Kazakh Judge Fired After Opposition Activist's Acquittal

Malik Kenzhaliev said his firing was politically motivated.

The chief judge of a court in western Kazakhstan has been fired after his court acquitted an opposition activist in a high-profile case.

The Manghystau regional court said on February 11 that Malik Kenzhaliev was fired for violating rights of workers whom he had hired to build a private cottage along the Caspian Sea shore, but did not pay them the agreed sum of money.

Kenzhaliev said his firing was politically motivated and accused the regional court, the Supreme Court, the National Security Committee, and the police of putting pressure on him and his colleagues.

Kenzhaliev said in a video statement on Facebook on February 11 that he was fired right after his judge, Gulnar Baiturova, had acquitted Aigul Aqberdieva in a case that stemmed from her social-media posts.

Kenzhaliev also said that police in Aqtau prevented him from holding a press conference in a local hotel on February 11 by harassing and interrogating people who gathered for the briefing.

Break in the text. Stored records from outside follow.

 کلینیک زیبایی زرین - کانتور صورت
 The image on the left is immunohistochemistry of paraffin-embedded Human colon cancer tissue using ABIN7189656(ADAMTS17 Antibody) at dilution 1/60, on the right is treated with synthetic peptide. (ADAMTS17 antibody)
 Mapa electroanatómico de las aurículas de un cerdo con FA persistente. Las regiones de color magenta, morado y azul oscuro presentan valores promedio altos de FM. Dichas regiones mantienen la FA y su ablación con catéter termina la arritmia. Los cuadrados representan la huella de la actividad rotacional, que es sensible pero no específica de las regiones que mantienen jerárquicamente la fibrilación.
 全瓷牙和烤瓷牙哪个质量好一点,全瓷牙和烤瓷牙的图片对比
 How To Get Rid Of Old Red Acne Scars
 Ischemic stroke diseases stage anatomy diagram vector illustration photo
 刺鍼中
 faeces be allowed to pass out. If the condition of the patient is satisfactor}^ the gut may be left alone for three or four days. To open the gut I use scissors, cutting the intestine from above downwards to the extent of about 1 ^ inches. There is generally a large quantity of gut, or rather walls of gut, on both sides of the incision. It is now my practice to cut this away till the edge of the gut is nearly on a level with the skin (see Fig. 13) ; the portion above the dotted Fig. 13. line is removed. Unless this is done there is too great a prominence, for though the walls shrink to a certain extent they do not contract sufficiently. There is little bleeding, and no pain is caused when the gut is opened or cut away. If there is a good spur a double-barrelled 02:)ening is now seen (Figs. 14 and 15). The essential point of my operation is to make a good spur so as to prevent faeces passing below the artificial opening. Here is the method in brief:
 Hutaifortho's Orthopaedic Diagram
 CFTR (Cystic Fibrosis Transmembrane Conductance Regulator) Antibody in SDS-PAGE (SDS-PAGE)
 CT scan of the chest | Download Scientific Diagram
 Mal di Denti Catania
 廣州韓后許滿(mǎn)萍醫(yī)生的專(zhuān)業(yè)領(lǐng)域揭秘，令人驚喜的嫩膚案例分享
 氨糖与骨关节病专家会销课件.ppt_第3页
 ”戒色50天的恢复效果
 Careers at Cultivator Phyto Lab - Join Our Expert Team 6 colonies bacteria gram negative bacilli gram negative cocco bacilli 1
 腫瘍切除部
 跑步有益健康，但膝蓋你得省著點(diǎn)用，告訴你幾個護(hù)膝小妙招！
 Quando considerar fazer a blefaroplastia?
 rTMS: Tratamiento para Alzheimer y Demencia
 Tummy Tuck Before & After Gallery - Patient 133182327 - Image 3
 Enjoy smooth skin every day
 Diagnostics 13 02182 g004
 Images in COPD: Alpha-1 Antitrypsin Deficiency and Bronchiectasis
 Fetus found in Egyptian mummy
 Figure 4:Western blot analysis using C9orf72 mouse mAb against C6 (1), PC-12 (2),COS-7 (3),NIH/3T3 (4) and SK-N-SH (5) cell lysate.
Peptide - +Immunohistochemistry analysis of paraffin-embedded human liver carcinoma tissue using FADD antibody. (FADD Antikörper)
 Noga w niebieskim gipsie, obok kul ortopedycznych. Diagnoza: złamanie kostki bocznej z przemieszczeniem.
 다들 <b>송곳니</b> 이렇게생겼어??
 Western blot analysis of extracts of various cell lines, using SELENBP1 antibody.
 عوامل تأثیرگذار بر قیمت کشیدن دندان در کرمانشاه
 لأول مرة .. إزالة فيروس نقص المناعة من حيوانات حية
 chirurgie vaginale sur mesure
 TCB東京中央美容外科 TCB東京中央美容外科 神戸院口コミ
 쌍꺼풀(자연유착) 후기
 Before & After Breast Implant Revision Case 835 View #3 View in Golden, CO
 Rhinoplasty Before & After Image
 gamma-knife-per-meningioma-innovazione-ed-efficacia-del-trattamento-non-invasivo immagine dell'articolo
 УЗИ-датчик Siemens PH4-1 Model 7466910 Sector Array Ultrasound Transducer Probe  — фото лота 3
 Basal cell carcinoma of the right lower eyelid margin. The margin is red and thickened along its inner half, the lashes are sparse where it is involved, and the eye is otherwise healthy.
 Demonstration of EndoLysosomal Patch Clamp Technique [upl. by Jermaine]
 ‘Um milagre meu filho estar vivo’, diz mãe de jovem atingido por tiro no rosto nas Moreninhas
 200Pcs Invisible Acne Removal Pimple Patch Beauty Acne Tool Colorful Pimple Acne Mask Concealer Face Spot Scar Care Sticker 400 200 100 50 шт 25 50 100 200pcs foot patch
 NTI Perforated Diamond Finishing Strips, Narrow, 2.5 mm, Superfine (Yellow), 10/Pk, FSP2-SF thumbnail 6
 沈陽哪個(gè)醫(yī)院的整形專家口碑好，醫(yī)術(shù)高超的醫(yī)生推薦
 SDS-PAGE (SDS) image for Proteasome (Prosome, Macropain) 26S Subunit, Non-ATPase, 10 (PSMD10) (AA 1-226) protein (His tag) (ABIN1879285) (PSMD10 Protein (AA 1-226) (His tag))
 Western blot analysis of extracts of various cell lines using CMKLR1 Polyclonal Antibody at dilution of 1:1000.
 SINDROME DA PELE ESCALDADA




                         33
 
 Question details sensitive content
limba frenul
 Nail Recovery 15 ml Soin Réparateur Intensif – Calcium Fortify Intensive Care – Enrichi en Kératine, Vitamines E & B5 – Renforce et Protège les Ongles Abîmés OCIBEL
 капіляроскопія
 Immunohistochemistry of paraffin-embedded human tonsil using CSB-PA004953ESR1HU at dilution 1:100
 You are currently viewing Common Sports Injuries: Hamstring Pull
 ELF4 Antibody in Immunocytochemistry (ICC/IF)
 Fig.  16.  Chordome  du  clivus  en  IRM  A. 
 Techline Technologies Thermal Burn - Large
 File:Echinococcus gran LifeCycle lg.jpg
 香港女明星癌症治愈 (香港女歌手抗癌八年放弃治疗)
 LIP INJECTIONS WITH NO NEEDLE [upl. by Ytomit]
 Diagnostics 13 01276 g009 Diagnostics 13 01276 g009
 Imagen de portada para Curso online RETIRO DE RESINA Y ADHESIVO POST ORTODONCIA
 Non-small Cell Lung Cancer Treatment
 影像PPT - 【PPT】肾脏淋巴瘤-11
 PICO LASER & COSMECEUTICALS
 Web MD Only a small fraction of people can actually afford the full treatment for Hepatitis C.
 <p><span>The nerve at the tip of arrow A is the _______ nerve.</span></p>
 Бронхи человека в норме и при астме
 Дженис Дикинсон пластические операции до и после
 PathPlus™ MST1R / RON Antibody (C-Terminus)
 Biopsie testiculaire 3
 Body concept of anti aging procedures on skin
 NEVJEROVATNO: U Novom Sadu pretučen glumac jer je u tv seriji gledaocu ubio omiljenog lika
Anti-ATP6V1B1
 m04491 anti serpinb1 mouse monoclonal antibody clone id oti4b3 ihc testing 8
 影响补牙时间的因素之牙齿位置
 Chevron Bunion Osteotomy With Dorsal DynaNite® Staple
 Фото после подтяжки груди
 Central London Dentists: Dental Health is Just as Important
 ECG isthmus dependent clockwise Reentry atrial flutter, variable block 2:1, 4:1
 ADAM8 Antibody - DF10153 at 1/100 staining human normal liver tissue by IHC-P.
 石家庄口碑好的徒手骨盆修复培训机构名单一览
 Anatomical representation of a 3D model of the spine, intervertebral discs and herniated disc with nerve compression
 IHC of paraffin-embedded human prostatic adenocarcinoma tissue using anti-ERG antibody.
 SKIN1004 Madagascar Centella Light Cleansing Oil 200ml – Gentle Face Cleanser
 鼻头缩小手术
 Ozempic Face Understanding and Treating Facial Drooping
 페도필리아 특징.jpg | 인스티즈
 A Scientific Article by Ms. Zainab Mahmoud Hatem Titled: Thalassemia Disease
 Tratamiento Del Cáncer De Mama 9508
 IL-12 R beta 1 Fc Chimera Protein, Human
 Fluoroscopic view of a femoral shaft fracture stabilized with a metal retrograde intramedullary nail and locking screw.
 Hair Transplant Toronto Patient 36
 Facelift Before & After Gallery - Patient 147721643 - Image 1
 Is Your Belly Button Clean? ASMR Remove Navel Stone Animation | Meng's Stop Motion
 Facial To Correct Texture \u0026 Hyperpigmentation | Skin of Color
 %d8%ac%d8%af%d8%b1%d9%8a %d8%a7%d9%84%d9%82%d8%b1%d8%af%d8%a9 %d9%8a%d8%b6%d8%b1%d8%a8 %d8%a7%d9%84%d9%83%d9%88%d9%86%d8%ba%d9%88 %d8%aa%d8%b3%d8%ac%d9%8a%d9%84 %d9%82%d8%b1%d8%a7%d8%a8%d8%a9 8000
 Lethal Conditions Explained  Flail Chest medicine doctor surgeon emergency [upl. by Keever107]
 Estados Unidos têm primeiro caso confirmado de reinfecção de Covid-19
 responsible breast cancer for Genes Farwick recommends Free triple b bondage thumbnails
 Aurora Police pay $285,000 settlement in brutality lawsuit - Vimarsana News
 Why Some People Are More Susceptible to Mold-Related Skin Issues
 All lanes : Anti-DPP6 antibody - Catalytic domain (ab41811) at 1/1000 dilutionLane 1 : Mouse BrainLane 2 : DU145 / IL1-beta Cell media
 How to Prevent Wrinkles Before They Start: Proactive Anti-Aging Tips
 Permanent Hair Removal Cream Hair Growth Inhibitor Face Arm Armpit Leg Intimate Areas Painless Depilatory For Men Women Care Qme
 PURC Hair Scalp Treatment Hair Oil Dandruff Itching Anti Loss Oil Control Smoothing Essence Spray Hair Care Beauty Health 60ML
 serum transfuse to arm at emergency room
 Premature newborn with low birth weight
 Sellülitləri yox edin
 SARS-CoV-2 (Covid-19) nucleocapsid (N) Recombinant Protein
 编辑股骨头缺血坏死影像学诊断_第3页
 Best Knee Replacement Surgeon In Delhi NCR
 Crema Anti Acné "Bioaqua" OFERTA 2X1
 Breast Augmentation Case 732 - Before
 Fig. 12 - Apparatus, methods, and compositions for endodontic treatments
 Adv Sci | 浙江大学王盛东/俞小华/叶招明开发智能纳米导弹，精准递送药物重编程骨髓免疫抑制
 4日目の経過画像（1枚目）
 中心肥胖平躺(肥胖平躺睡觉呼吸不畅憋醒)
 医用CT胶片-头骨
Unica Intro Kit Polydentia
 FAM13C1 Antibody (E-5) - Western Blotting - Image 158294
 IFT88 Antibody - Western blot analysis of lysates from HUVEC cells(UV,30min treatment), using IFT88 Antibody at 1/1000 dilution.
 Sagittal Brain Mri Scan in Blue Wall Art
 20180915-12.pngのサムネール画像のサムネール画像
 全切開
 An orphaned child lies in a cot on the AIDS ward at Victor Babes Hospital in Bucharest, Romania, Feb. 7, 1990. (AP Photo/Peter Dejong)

In a second February 11 video statement on Facebook, Kenzhaliev called on international human rights organizations, the European Union, the United States, and Canada to help him and his colleagues and provide them with legal protection.

The 39-year-old Aqberdieva was acquitted on February 6.

She was accused of posting messages on social-media accounts belonging to the banned Democratic Choice of Kazakhstan (DVK) movement to call for the "forceful overthrow the government."

Aqberdieva went on trial in September, four days after her 45-year-old husband, Ablovas Zhumaev, was found guilty of the same charge and sentenced to three years in prison.

Both Aqberidieva and her husband pleaded not guilty and said their cases were politically motivated.

The couple has four children, the youngest of whom is 2 years old.

Kazakhstan banned the DVK in March 2018, accusing it of extremism.

The political movement was founded by fugitive former banker Mukhtar Ablyazov, who has been a vocal critic of President Nursultan Nazarbaev.

In November, Ablyazov was sentenced in absentia to life in prison by a Kazakh court for murder. He has denied the charge and called it politically motivated.

Opponents and rights groups say that Nazarbaev, in power since before the 1991 dissolution of the Soviet Union, has taken systematic steps to suppress dissent and sideline potential opponents.